San Miguel’s Day of the Dead is more artsy and less traditional than the celebrations in Oaxaca and Lake Patzcuaro. In this town, they really go in big for the Catrina face-painting (as seen in the Disney movie “Coco”) and I decided to concentrate on doing environmental portraits of great Catrina faces with only my α6500, 16mm f/1.4 lens (a Sigma that's made for the Sony mirrorless E mount), a small off-camera flash setup with a tiny controller that sits in the hotshoe and a small flash with a dome diffuser that I’d hold in my left hand.
My plan was twofold. In the late afternoon, while there was still some light, I would do environmental portraits of the faces with the lens cranked wide open. The faces would “pop” out from the background because of the creamy bokeh I’d get since I was shooting at f/1.4 and very close to my subjects. But you’d still get a sense of place, because of the wide coverage of the lens.
Sony α6500. 16mm f/1.4 lens. 1/400-sec., f/1.4, ISO 200
I like a good headshot as much as the next guy, but for travel, it’s nice to get a sense of the subject’s environment as well. That’s a hard thing to do with traditional portrait focal lengths, which are usually short telephotos. Shooting portraits at f/1.4 is challenging, but the eye-focus of the α6500 performed like a champ and my faces were razor sharp.
Once night falls, though, you have to switch strategies.
No matter how high you can push your ISO or how much dynamic range you have, once the light falls on the street and the building facades in the backgrounds are all lit up, you’re going to need to raise the light level on your portrait subjects to create an image that looks balanced. Many inexperienced shooters will just stick a flash in their hotshoe and start blasting away, completely overriding the ambient light. In my opinion, the pictures always look terrible, like shots of those “perp walks” outside of police stations and courts in 1930’s newspapers. No mood, no ambience, no nothing.
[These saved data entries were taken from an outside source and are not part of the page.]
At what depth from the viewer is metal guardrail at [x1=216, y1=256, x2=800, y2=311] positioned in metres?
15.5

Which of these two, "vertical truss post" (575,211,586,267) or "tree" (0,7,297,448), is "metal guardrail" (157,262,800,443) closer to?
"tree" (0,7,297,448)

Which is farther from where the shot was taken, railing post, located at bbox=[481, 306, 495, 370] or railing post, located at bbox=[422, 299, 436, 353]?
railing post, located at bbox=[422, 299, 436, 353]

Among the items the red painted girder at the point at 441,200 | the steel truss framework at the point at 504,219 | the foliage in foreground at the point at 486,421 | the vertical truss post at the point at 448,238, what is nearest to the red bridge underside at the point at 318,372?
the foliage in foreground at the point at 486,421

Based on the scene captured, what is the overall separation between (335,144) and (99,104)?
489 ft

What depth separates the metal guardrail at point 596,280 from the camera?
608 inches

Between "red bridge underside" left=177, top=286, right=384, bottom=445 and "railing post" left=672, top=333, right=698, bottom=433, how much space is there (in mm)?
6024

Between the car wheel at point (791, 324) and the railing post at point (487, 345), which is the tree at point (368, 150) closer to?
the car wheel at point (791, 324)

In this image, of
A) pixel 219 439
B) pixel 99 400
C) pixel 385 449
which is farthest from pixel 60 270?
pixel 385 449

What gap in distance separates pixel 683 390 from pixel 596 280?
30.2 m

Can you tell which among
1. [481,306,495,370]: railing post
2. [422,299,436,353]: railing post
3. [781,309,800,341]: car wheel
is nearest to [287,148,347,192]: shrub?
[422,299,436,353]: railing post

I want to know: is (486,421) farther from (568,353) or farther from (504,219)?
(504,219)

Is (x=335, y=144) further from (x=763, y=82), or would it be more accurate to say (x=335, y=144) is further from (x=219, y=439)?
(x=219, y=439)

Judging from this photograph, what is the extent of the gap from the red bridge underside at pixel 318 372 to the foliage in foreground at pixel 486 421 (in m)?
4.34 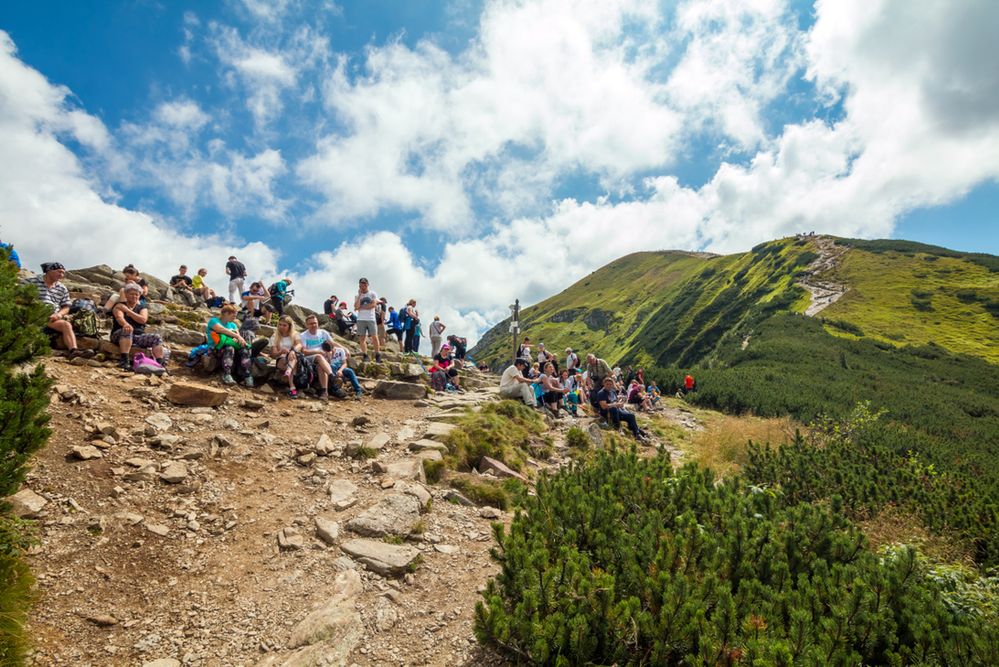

Instead of that, I do something a little different.
Sony α6500. 16mm f/1.4 lens. 1/30-sec., f/2.8, ISO 1600
There are two things I do to make the light from the flash work for me in a good way. First, I blend the flash with the available light by shooting in slow sync flash mode. This essentially drops the shutter speed low enough to record some of the ambient light, and then the flash fills the foreground. The effect, rather than looking stark and harsh, looks blended and beautiful. Most camera systems will do this automatically, and you can fine-tune the results to suit your taste. For my little setup with a tiny GoDox flash, I dial in -1 for my ambient exposure, and -1 on the flash exposure and that usually results in a seamless blend of the two.
Sony α6500. 16mm f/1.4 lens. 1/25-sec., f/2.0, ISO 1600
The second key is to get the flash out of the hotshoe by holding it in your left hand and aiming it at about a 45-degree angle above and to the side of your subject. This way instead of blasting them with featureless front light, you are creating a wraparound light that looks much more natural. Look carefully at the faces in the photos above and below and see how the light is slightly brighter on one side and darker.
Sony α6500. 16mm f1/.4 lens. 1/60-sec., f/2, ISO 1600
The more you work with this technique, the better you’ll get at it. And who knows---if you really master it, there might be a nice French beret and a sexy foreign accent in your future!